Data section:
= Beginning of Section =
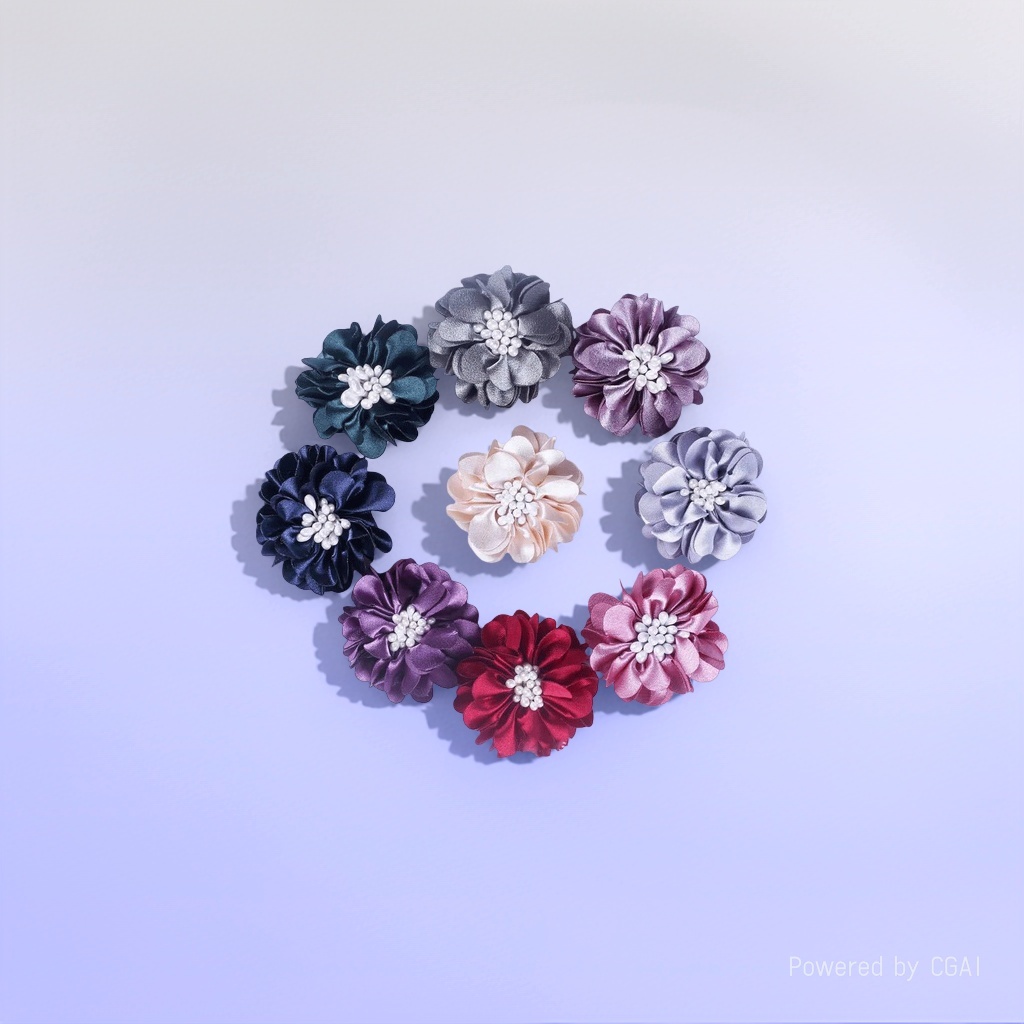 Ethnic style petal fabric handicrafts, handcrafted decorative ornaments Specification image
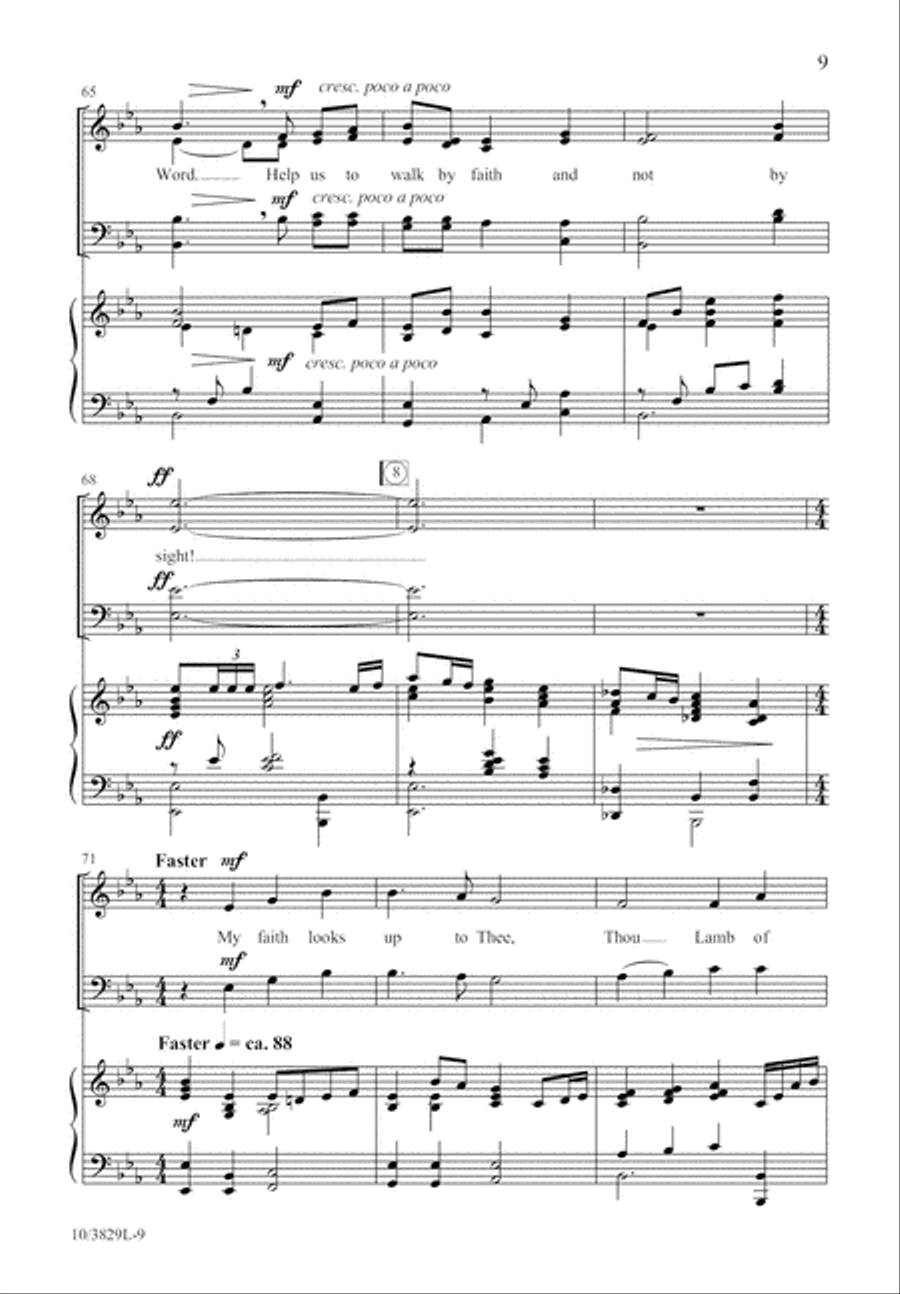 By Faith and Not by Sight 4-Part scores gallery preview page 9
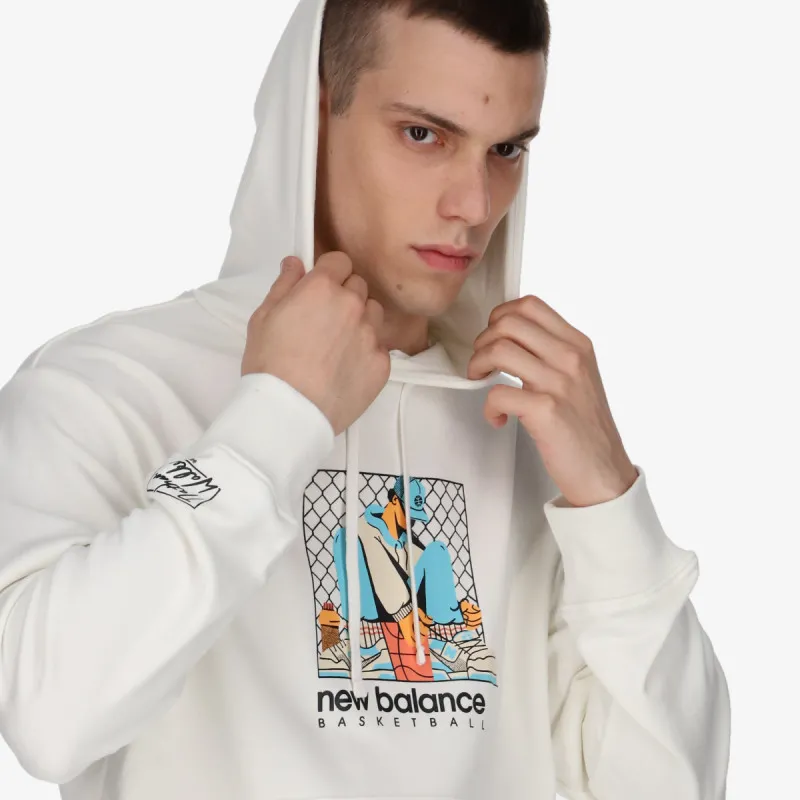 New Balance Majica s kapuljačom HOOPS 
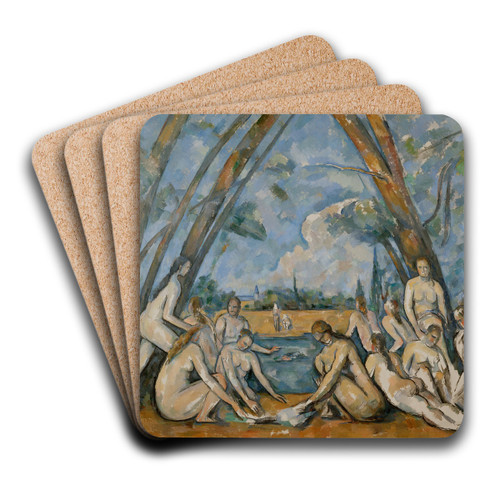 The Large Bathers by Paul Czanne Art Drink Coaster set The Large Bathers by Paul Czanne Art Drink Coaster set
= End of Section =
Problem to work on: Output the line containing "By Faith and" along with every line after it to the end of the material, exactly as written, but without pictures.

Exercise response:
 By Faith and Not by Sight 4-Part scores gallery preview page 9
 New Balance Majica s kapuljačom HOOPS 
 The Large Bathers by Paul Czanne Art Drink Coaster set The Large Bathers by Paul Czanne Art Drink Coaster set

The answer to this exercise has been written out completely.